#### TASK ITEM:
Using the listing that follows, filter out every line lacking the string "floor" and return the rest.
[Opening STORED DATA section]
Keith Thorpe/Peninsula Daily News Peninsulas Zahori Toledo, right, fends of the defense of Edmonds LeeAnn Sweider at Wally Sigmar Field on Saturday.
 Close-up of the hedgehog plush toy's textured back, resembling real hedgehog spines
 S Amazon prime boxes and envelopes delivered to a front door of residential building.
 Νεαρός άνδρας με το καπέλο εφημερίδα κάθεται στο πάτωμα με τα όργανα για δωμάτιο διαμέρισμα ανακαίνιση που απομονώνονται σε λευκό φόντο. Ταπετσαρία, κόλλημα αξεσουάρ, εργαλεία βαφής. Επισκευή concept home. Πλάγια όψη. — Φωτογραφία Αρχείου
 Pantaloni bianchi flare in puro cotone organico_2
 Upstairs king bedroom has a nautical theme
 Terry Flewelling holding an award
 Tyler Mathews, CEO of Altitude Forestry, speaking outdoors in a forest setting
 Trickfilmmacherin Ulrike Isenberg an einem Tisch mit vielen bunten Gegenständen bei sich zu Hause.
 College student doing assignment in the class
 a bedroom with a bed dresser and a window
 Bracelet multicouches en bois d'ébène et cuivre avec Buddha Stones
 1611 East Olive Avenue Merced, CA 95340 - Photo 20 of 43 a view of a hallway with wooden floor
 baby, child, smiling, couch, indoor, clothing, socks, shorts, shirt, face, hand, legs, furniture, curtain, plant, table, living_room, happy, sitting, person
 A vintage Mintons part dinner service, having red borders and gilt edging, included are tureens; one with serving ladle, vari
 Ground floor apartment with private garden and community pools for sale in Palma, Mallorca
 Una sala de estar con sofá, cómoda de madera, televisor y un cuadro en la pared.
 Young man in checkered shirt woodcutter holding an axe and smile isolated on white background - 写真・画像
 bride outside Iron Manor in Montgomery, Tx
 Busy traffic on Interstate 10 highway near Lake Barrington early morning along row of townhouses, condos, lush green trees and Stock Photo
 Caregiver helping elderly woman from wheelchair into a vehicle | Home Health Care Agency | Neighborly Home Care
[Closing STORED DATA section]
#### TASK RESPONSE:
 1611 East Olive Avenue Merced, CA 95340 - Photo 20 of 43 a view of a hallway with wooden floor
 Ground floor apartment with private garden and community pools for sale in Palma, Mallorca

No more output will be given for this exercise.